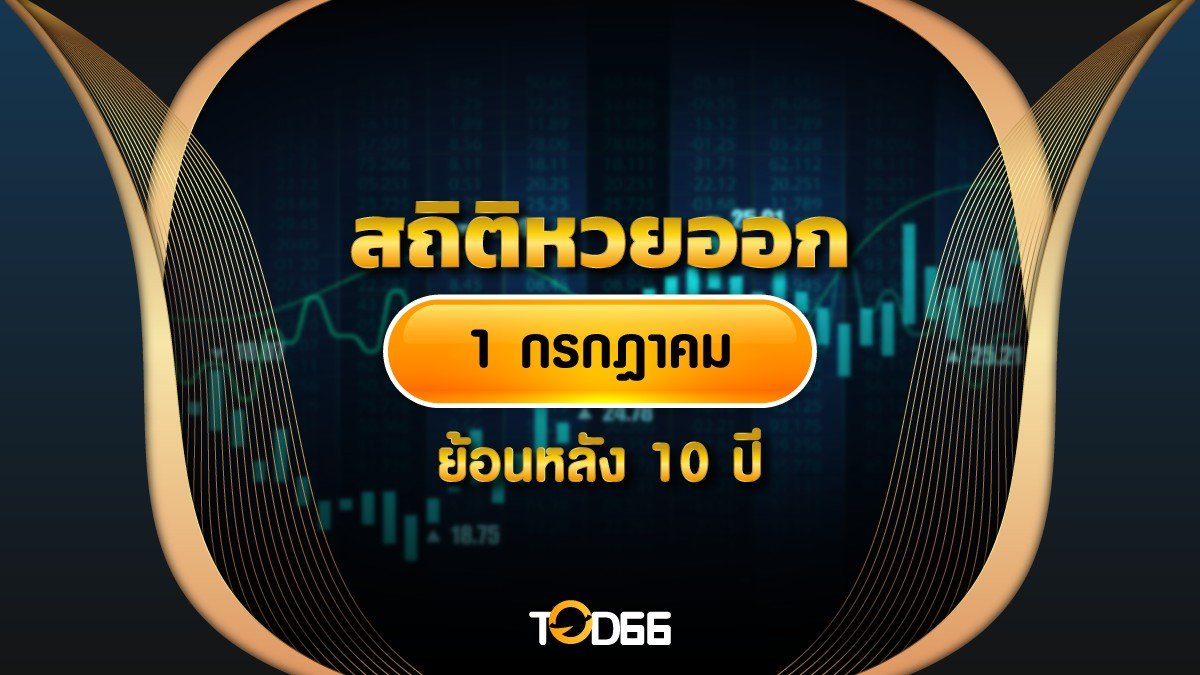 สถิติหวยออก 1 กรกฎาคม ย้อนหลัง 10 ปี ส่องเลขเด็ด เน้นเลขดัง ปังงวดนี้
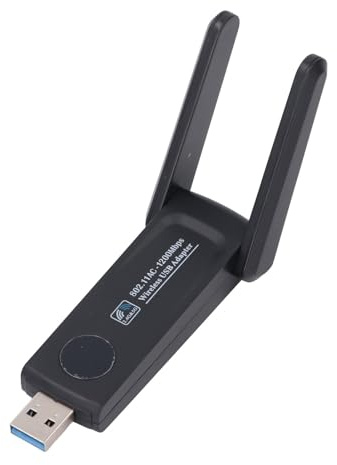 USB WiFi Adapter 1200Mbps Dual Band Wireless Network Adapter for XP 7 8 8.1 10 with USB 3.0 Interface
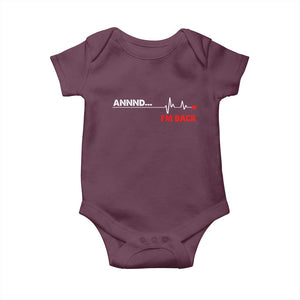 Cool Heart Surgery Survivor Baby Onesie Coronary Bypass Artery Open Heart Diseases Surgery Heartbeat TS10 Maroon Print Your Wear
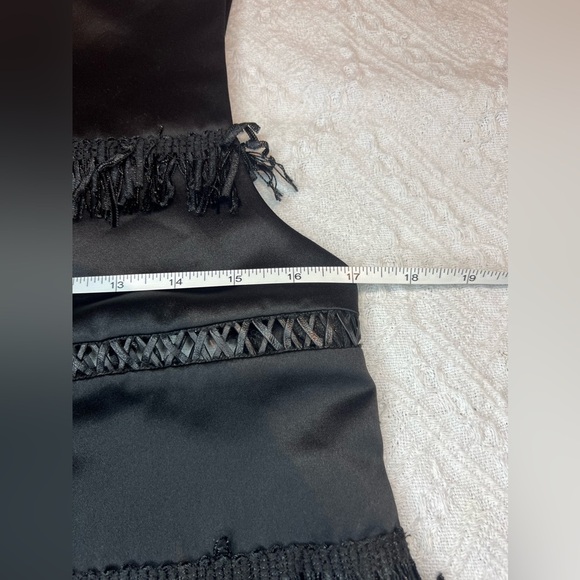 Endless Rose Tiered Fringe Top in Black, NWOT - Picture 5 of 6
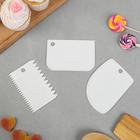 Шпатели кондитерские, набор «Милый дом» 11.5×8 см, 11.2×6.5 см, 10×7 см, 3 шт - Фото 2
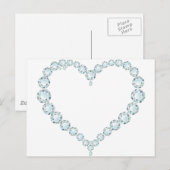 Aquamarine Gem Heart Postkarte (Vorne/Hinten)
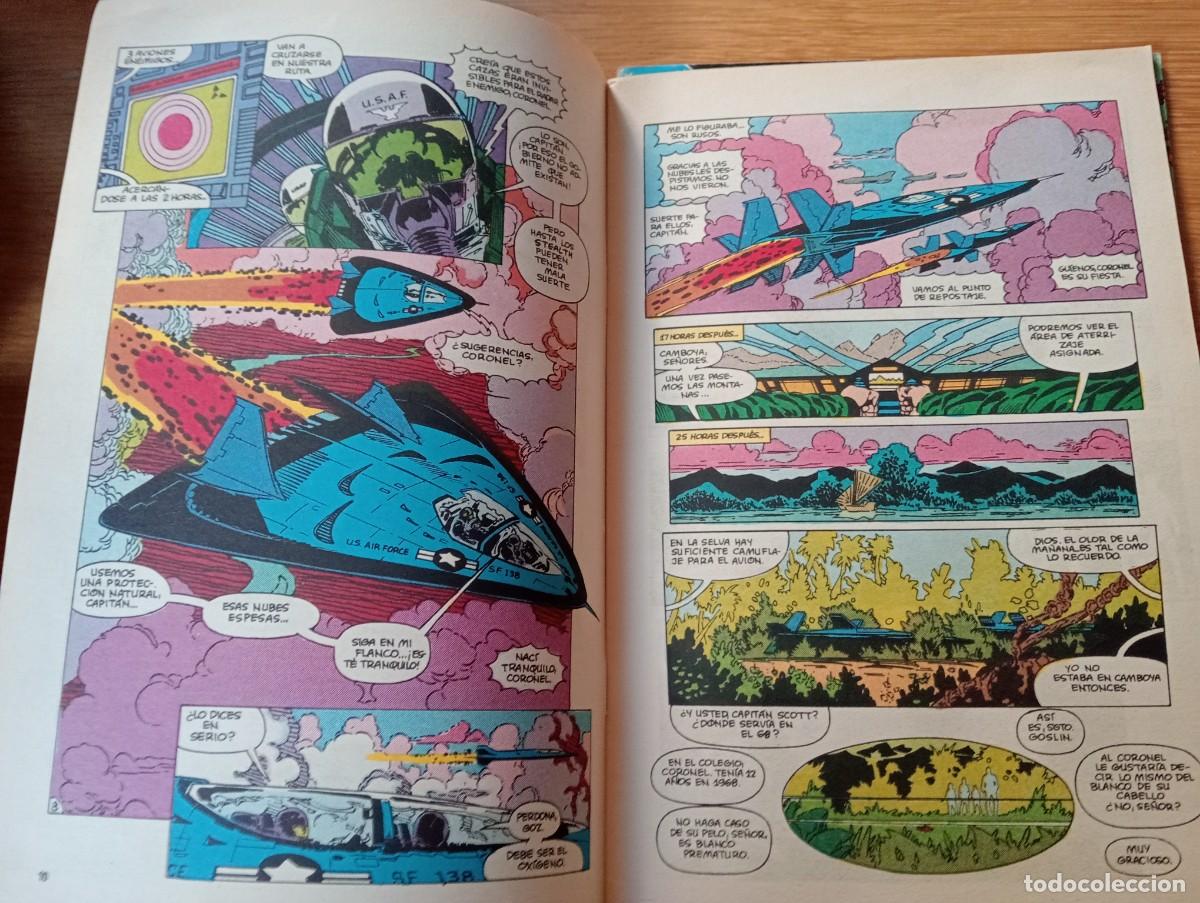 C&oacute;mics: LOTE CON 2 EJEMPLARES DE CAPIT&Aacute;N ATOM (DE 20). GRAPA. ZINCO. DC. 1989. - Foto 4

WORK INSTRUCTION →
Excluding pictures, copy exactly the lines from the line containing "Cool Heart Surgery" through the last line of the data, inclusive.

EXERCISE SOLUTION →
 Cool Heart Surgery Survivor Baby Onesie Coronary Bypass Artery Open Heart Diseases Surgery Heartbeat TS10 Maroon Print Your Wear
 Endless Rose Tiered Fringe Top in Black, NWOT - Picture 5 of 6
 Шпатели кондитерские, набор «Милый дом» 11.5×8 см, 11.2×6.5 см, 10×7 см, 3 шт - Фото 2
 Aquamarine Gem Heart Postkarte (Vorne/Hinten)
 C&oacute;mics: LOTE CON 2 EJEMPLARES DE CAPIT&Aacute;N ATOM (DE 20). GRAPA. ZINCO. DC. 1989. - Foto 4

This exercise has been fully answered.